WHAT THE TASK REQUIRES:
Give the listing again in full and exactly, apart from its pictures.

GIVEN DATA:
· · · ·

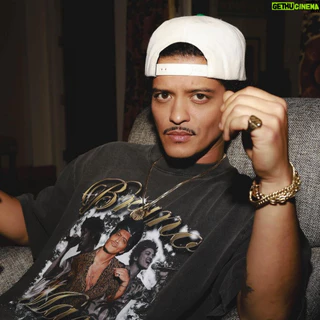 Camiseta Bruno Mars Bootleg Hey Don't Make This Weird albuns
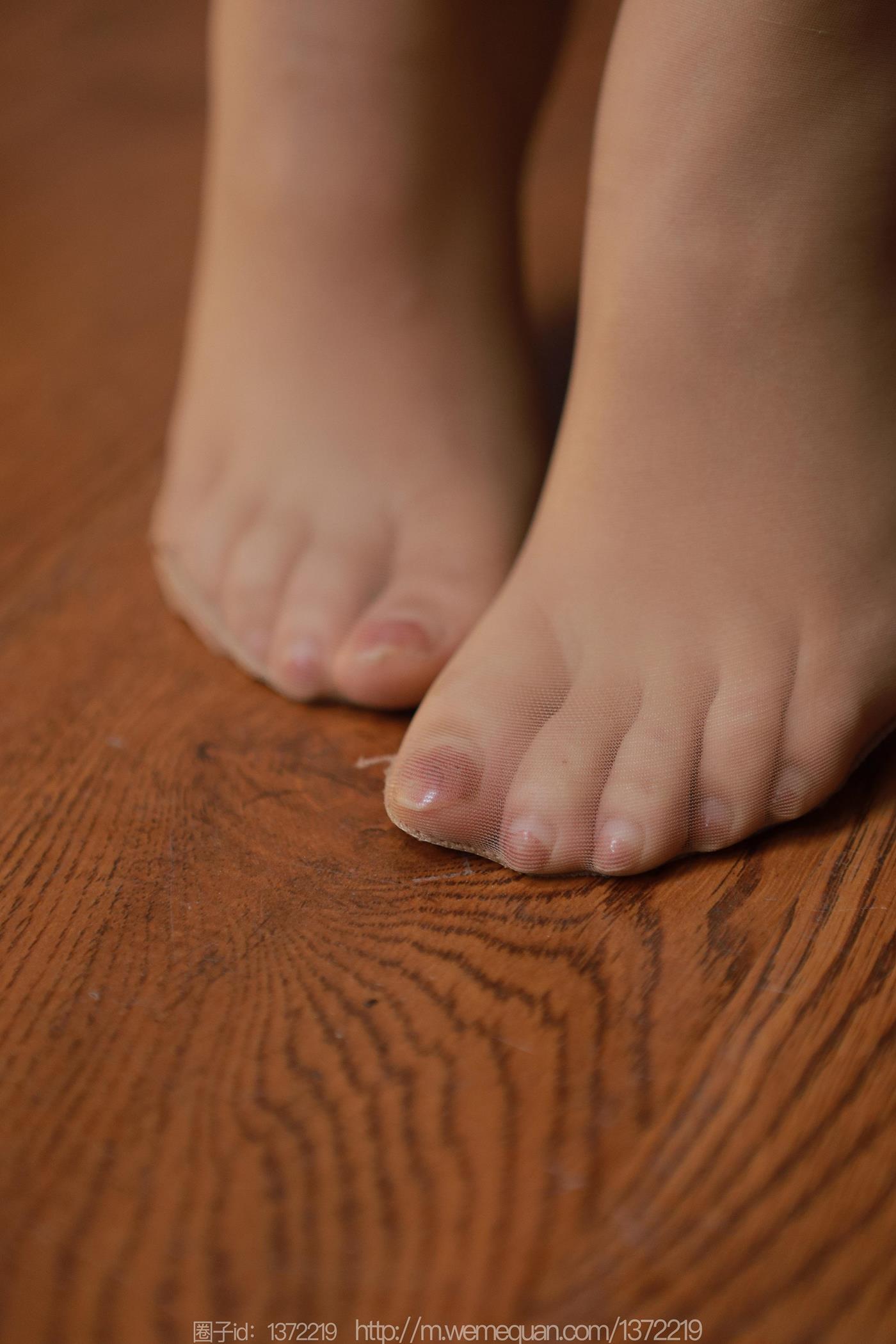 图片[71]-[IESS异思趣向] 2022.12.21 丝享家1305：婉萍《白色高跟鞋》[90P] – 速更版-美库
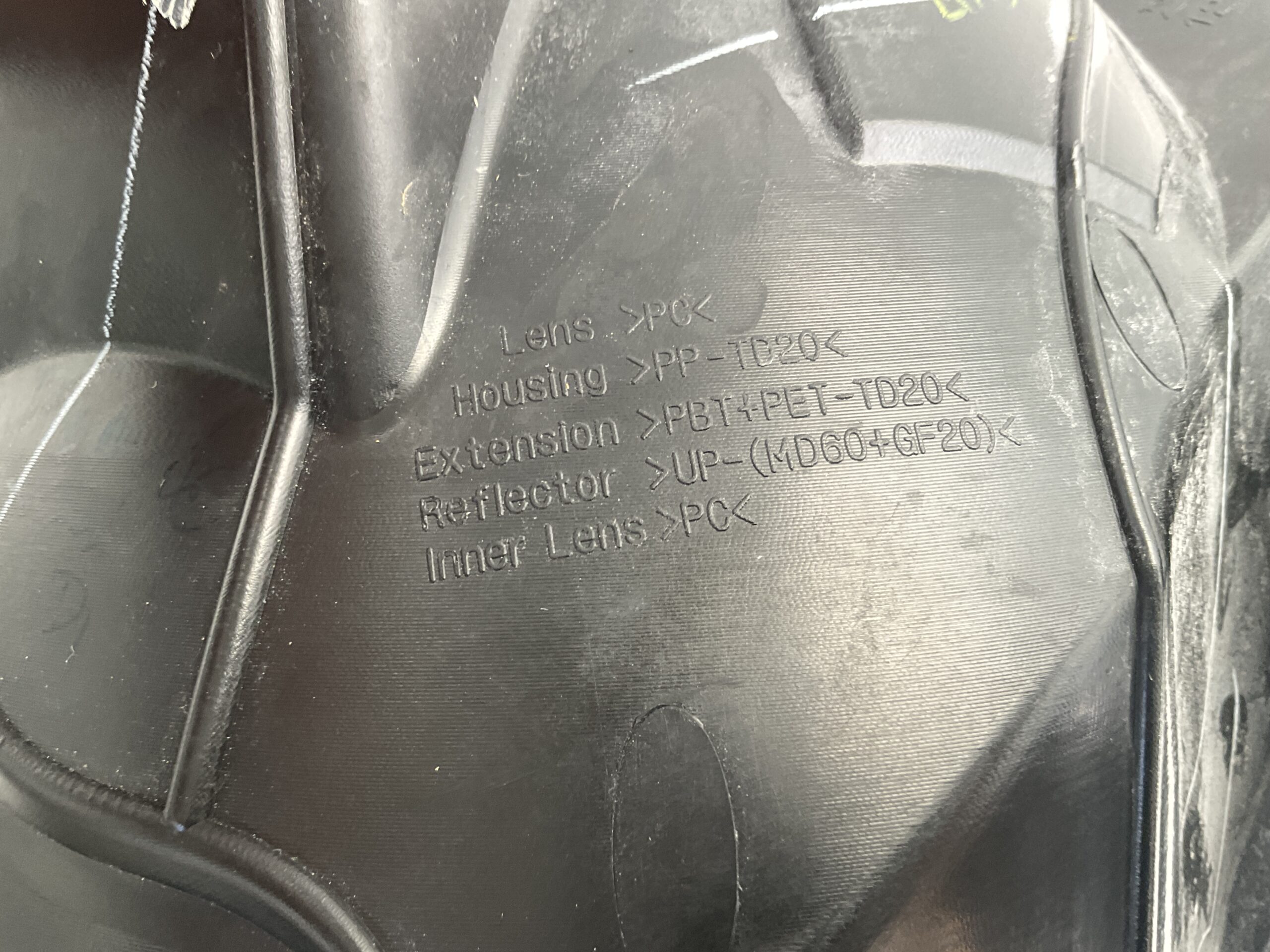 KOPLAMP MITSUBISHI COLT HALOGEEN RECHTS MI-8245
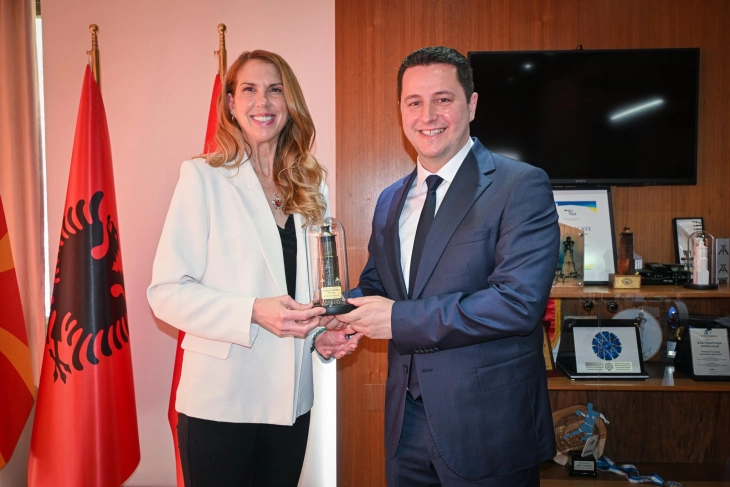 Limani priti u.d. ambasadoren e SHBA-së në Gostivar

· · · ·

TASK OUTPUT:
 Camiseta Bruno Mars Bootleg Hey Don't Make This Weird albuns
 图片[71]-[IESS异思趣向] 2022.12.21 丝享家1305：婉萍《白色高跟鞋》[90P] – 速更版-美库
 KOPLAMP MITSUBISHI COLT HALOGEEN RECHTS MI-8245
 Limani priti u.d. ambasadoren e SHBA-së në Gostivar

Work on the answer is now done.